__Problem details__
Look through the data below and extract, unchanged, the lines from the one that contains "this 437×260 image." to the one that contains "this 800×1154 image.", both included.

··· Records to use

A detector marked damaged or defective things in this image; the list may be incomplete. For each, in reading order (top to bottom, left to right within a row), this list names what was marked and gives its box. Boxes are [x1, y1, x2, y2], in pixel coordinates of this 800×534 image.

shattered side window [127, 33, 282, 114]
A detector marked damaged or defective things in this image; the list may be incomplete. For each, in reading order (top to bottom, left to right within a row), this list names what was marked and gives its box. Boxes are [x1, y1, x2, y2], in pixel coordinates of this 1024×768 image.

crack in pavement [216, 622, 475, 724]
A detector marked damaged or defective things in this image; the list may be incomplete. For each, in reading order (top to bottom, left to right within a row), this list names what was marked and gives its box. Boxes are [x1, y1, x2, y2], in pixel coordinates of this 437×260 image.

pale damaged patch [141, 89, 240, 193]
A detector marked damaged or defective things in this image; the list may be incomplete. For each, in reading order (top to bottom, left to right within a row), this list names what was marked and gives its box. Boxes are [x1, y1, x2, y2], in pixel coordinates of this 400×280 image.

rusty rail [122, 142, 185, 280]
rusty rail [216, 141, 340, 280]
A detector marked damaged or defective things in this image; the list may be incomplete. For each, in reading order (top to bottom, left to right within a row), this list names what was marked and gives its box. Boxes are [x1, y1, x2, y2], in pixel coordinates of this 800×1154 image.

······
··· Records to use

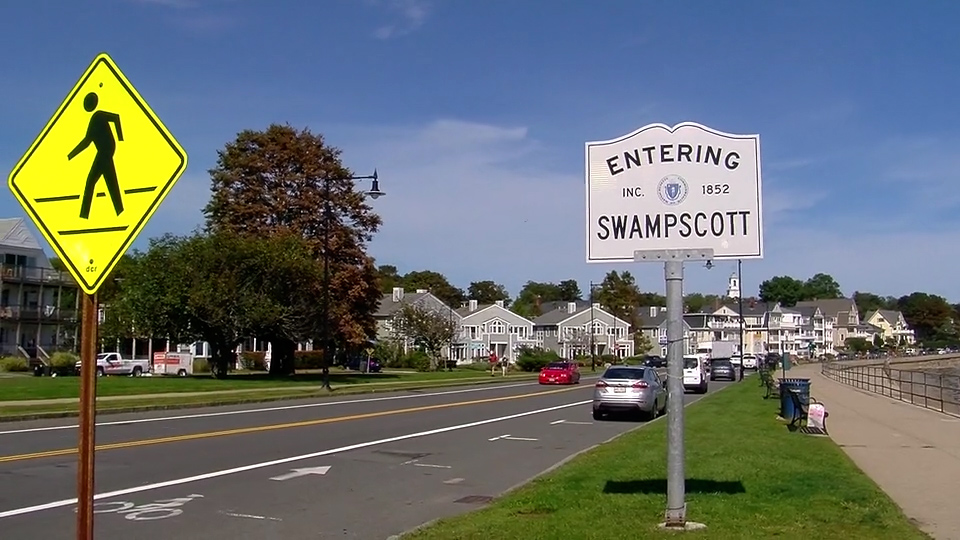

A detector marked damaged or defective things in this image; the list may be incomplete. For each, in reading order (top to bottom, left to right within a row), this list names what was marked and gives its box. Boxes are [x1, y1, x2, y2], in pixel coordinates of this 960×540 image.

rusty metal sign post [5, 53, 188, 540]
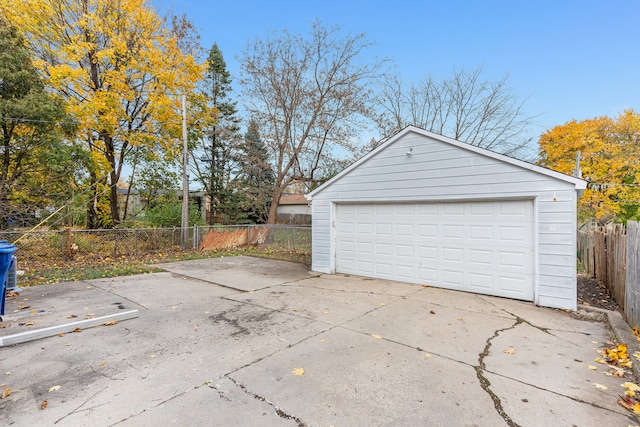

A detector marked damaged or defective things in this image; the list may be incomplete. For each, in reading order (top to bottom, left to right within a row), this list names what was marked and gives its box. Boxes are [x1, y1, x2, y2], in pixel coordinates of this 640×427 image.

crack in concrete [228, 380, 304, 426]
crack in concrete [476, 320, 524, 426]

······
··· Records to use

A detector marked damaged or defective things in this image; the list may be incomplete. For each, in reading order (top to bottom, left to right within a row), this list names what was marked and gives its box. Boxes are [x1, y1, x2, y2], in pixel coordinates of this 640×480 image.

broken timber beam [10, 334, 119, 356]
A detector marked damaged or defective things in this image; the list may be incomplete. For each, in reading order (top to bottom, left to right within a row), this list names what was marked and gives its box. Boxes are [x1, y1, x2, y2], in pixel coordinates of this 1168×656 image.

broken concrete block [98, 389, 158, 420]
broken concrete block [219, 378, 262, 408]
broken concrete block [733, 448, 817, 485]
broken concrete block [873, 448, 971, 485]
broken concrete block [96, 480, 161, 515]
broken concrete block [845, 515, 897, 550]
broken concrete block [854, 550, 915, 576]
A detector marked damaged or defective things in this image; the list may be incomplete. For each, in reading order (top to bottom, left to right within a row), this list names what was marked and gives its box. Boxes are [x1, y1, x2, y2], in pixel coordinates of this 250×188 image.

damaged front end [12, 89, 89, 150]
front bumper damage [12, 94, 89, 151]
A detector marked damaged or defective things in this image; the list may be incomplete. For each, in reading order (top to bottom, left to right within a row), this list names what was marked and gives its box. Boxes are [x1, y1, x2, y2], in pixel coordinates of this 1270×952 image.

······

__Written solution__
A detector marked damaged or defective things in this image; the list may be incomplete. For each, in reading order (top to bottom, left to right within a row), this list names what was marked and gives its box. Boxes are [x1, y1, x2, y2], in pixel coordinates of this 437×260 image.

pale damaged patch [141, 89, 240, 193]
A detector marked damaged or defective things in this image; the list may be incomplete. For each, in reading order (top to bottom, left to right within a row), this list names what was marked and gives its box. Boxes are [x1, y1, x2, y2], in pixel coordinates of this 400×280 image.

rusty rail [122, 142, 185, 280]
rusty rail [216, 141, 340, 280]
A detector marked damaged or defective things in this image; the list may be incomplete. For each, in reading order (top to bottom, left to right within a row), this list names what was marked and gives its box. Boxes are [x1, y1, x2, y2], in pixel coordinates of this 800×1154 image.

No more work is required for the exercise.